What did I like:
1) The look into how powerful online communication is. I like how accurately the author describes the kind of cultures that exist in forums and chat rooms. Not that I think it’s revolutionary, but I’ve never seen it presented this well.
2) The action is well paced. The choppy scene and paragraph segregations at the end read more like a screenplay, and less like a novel, but it works in the context of a thriller.
3) The idea is controversial and interesting. The whole Towy thing made me think, and I like a book that makes me think.
What I didn’t like:
1) The characters. I had no real attachment to any of the protagonists. Maybe because I don’t relate well with people whom are either depressed, suicidal, habitually manipulative, or sociopaths.

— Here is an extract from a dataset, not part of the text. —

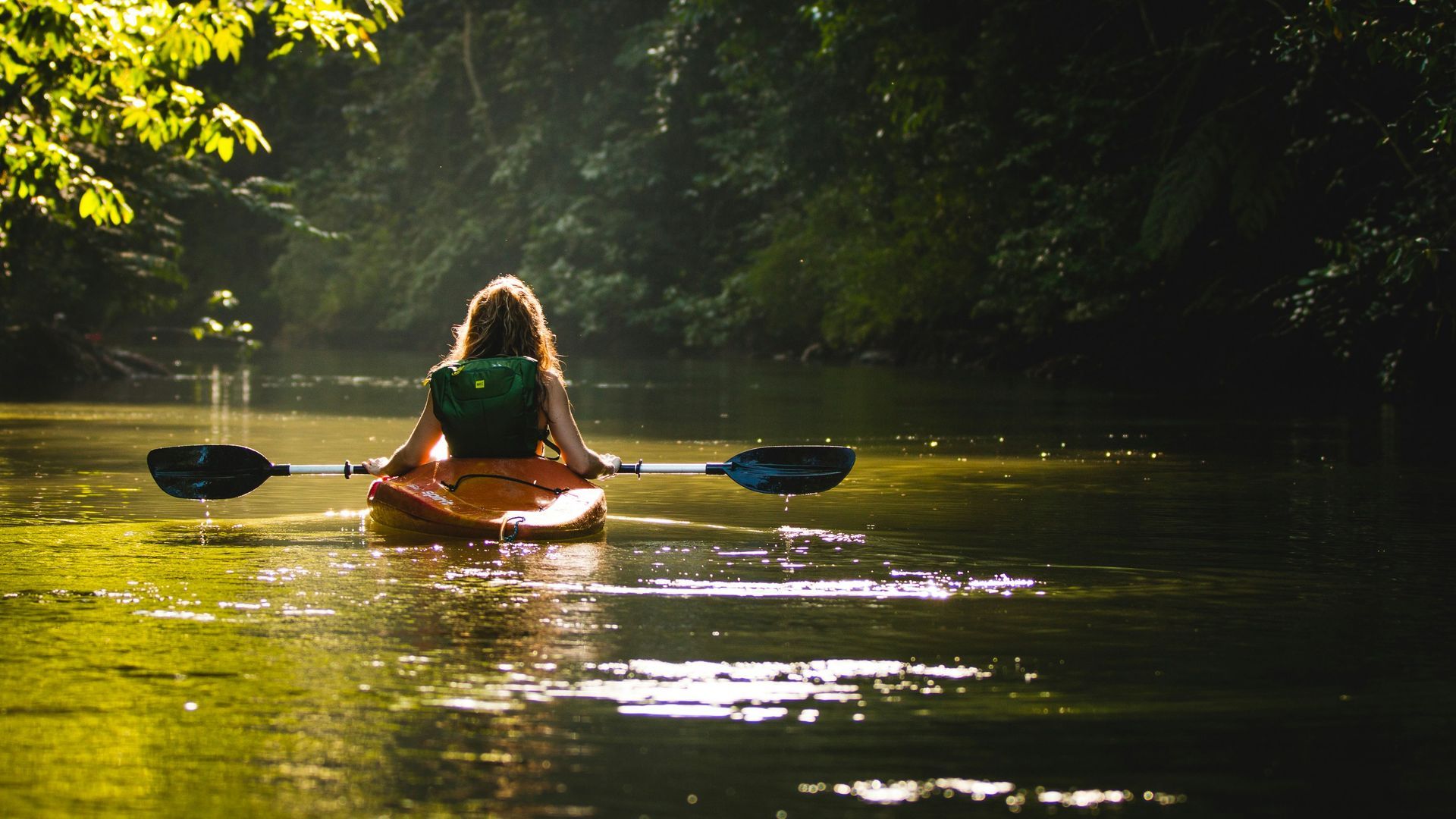 Woman kayaking on a calm river, surrounded by lush green foliage. She's paddling with two oars, wearing a green backpack.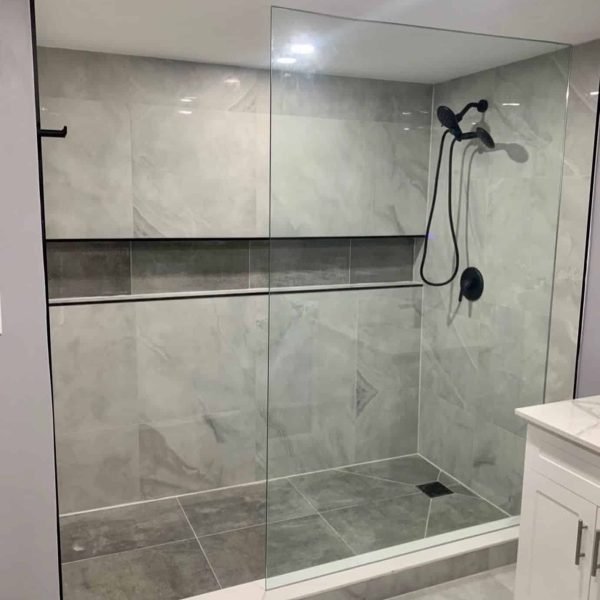 Walk-in shower with grey tile, long niche and glass panel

Did bad things happen to these people, sure. Does it excuse their behavior, no.
2) I didn’t like the “court room” evidence excerpts from the future, being used as narrative for the ongoing action. It made the read choppy, and none of it presented mind blowing new information. These mostly slowed down the pacing of the book, and read as irrelevant.

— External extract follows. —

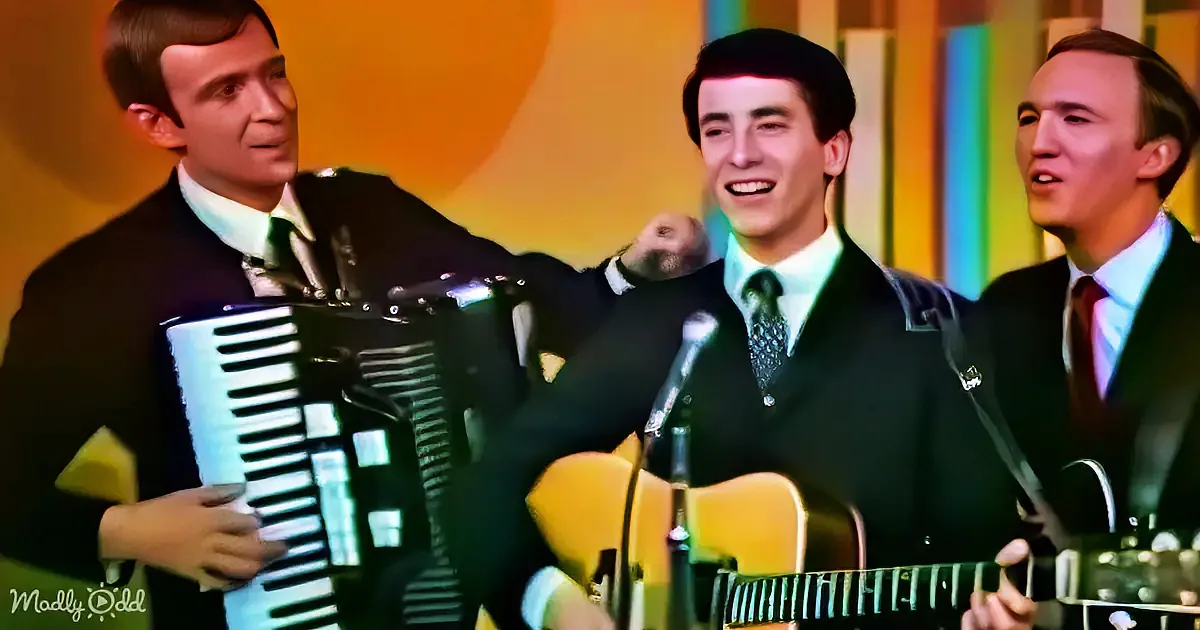A man plays an accordion while two others sing and play guitar in a vibrant, colorful setting.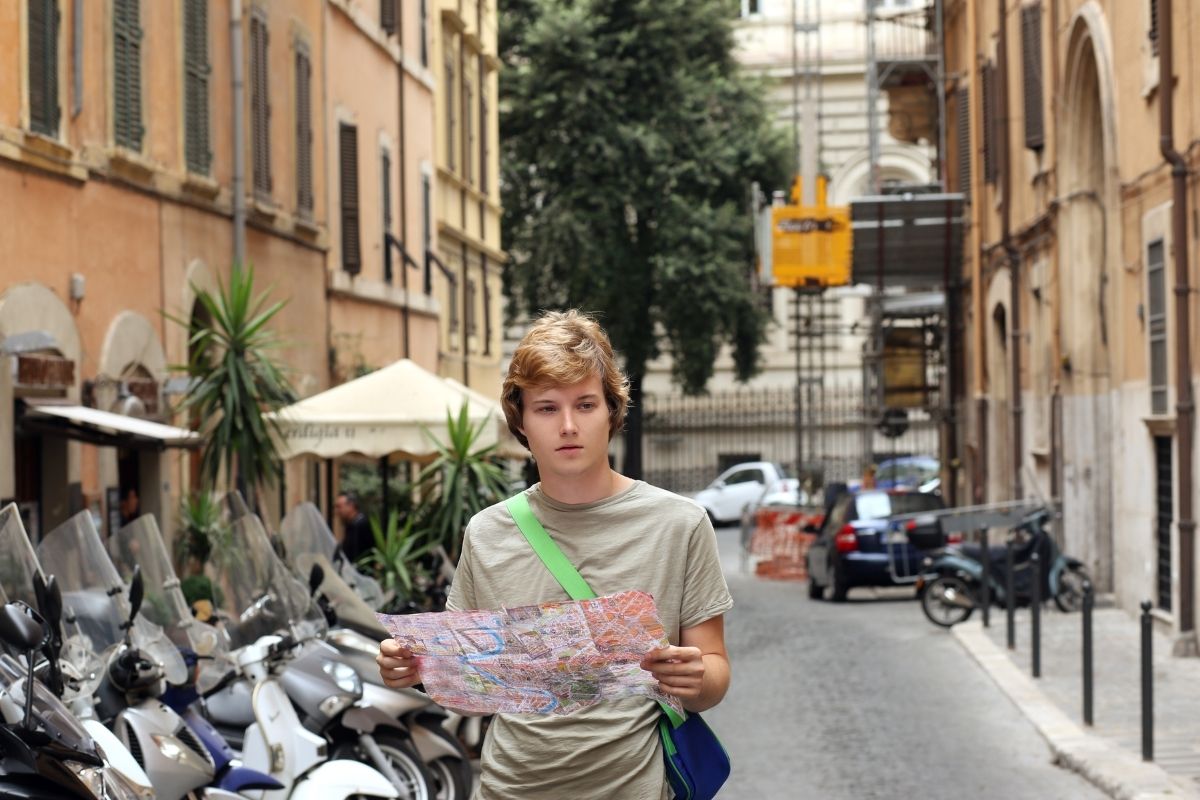 Teenage boy holding a city map while exploring a European street lined with parked scooters and historic buildings.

3) I can’t stand it when at the end of a book, every chapter ends with a foretelling of what will happen in the future. I don’t want to read about how, this is the last time such and such, or so and so, will do this and that, but they don’t know it. This is a thriller; you are allowed to keep the reader guessing. I thought it was clever dialog when one character spoke out loud but didn’t realize it, However this trick became stale when another character did it in the same book.
I’ll never understand it when I read a book with an author willing to go all out using brutal language, will graphically depict fight scenes and death, but is to cowardly to write an actual sex scene. There was kind of a sex scene, but it’s thrown into the mix of the choppy screenplay paragraphs, so to me it was incomplete compared to the complete deaths depicted in other scenes. I also had to turn off the logical part of my brain when it came to scenes involving law enforcement and the intelligence community at large. If you are a stickler about how things are done in the real world, you might not enjoy this book.